Editorial on the Research Topic
Transparent machine learning in bio-medicine

Current debates about AI risks and the possibility of humanity being taken over by a conscious artificial intelligence (AI) have a poor evidential base and are helping to neglect real existing problems and risks of AI technologies1. One of these problems is, for example, the fact that machine learning (ML) methods are essentially statistical models relying on complex datasets. Blind decisions in medicine based on non-transparent (but well validated) statistical methods can be dangerous when such models are not transparent enough to account for patient variability or the divergence of real-world data cohorts compared to training data.

However, it is expected that ML applications in medicine will expand at a compound annual growth rate of 37.5% from 2023 to 2030. Such high expectations set social and economic pressure to approve, standardize, and regulate ML methods in the bio-medical field2.

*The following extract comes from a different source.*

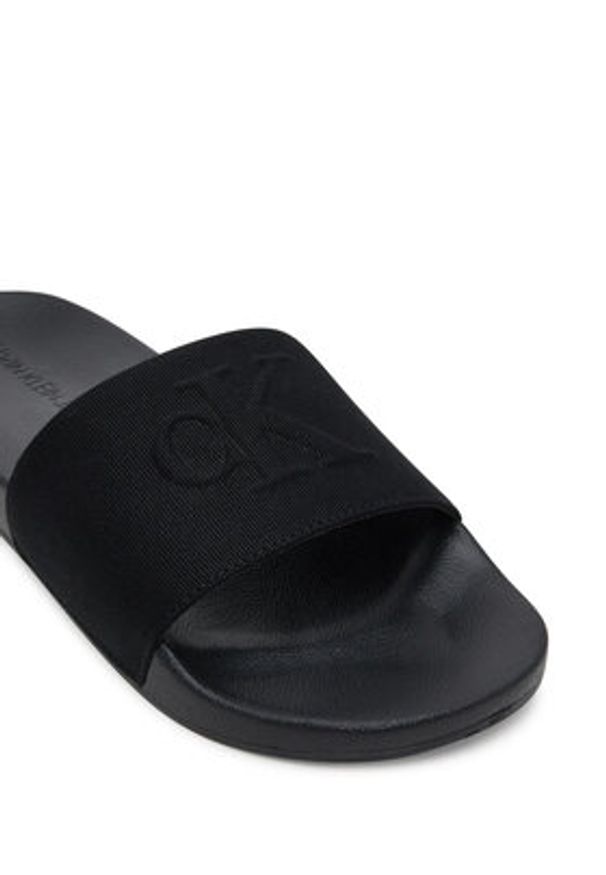 Calvin Klein Jeans Klapki Slide Hf Mono Cv YM0YM01282 Czarny. Kolor: czarny. Materiał: materiał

While Deep Learning (DL) methods have proven their value in precision oncology applications, they are difficult to implement in clinical routine care due to the common uninterpretable black-box character of these models. In their comprehensive review, “Opportunities and challenges in interpretable deep learning for drug sensitivity prediction of cancer cells”, Samal et al. are not only giving insights into eight different models of interpretable DL for the given task, but also introduce the three main different possible strategies of it: probing, perturbation, and surrogation. Focusing solely on the probing strategy, they introduce the three different classes of model probing—embeddings, gradients, and weights—and the different interpretation levels—global, semi-global, local, ad hoc, and post hoc. Determined by the input information and the chosen model the interpretability of an Artificial Neural Network (ANN) is set to a certain extent, leading to the conclusion that the reviewed methods are still not satisfactory enough. However, the authors observe, that the embedding-based method is the most promising of the three probing methods because it avoids the pitfalls associated with gradients and weights.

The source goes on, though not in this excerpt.